…By Joseph Benjamin for TDPel Media.
A young mother has been ordered to pay a £634 court bill for fly-tipping, despite her claims that it was her ex-partner who dumped the rubbish at a nearby beauty spot.
Jade Grocott, appearing at the North Staffordshire Justice Centre, maintained that her former boyfriend was responsible for waste disposal and that she was unaware he had included her waste, which was later found at Parkhall Country Park in Stoke-on-Trent.

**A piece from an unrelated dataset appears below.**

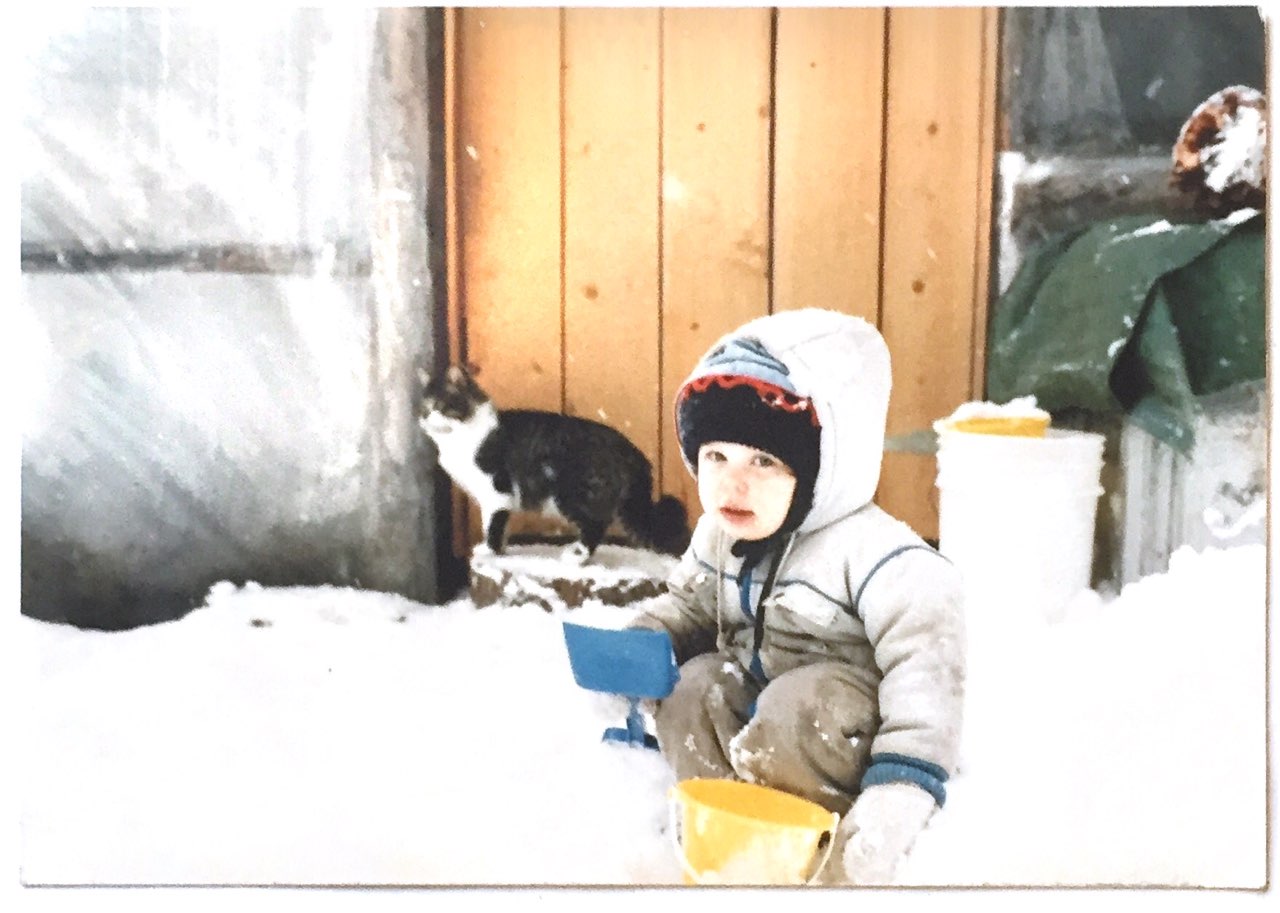 Outside fun with Fluffy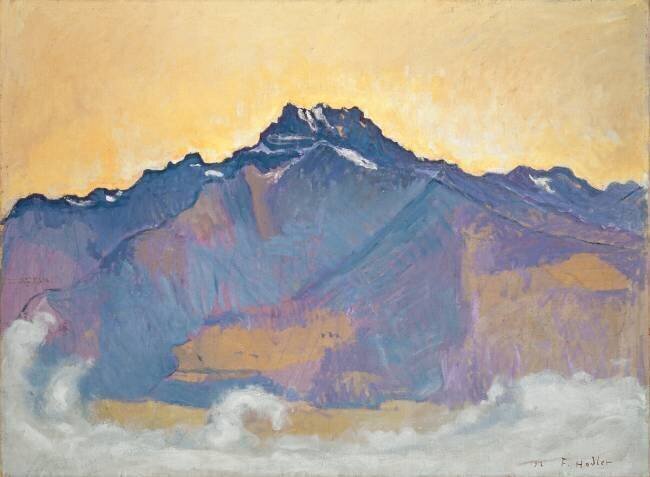 Les Dents du Midi Ferdinand Hodler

Discovery of Evidence and Penalty Notice:
Anthony O’Dowd, prosecuting on behalf of Stoke-on-Trent City Council, explained that enforcement officers were dispatched to the park following an anonymous report of fly-tipping.
After conducting an investigation, they found plastic sheeting with Grocott’s address on it, according to StokeonTrentlive.
Council records were subsequently checked, leading to a £400 fixed penalty notice issued on April 29 the previous year.
The council acknowledged that Grocott did not physically dump the waste, but failed to ensure its proper disposal.
Grocott’s Guilty Plea and Court Ruling:
As the occupier of the domestic property, Grocott pleaded guilty to the charge of not taking appropriate measures to ensure authorized waste transfer.
The court determined that the dumped waste had a minor adverse effect on public health.
Consequently, Grocott received a £200 fine and was additionally ordered to pay a £34 victim surcharge and £400 in costs to the council.
The total amount of £634 will be repaid in monthly installments of £20.
Council’s Success in Tackling Fly-Tipping:
This recent court ruling signifies another victory for Stoke-on-Trent City Council in its campaign against fly-tipping.
In a bid to combat this issue, the council has announced plans to recruit more enforcement officers and invest in additional CCTV as part of a comprehensive approach to eliminate this problem.
Despite Jade Grocott’s insistence that her ex-partner was responsible for fly-tipping, she has been ordered to pay a court bill of £634.
The council’s enforcement officers discovered evidence linking the waste to her address.
While acknowledging that she did not personally dispose of the waste, the court found her guilty of failing to take reasonable measures for proper waste disposal.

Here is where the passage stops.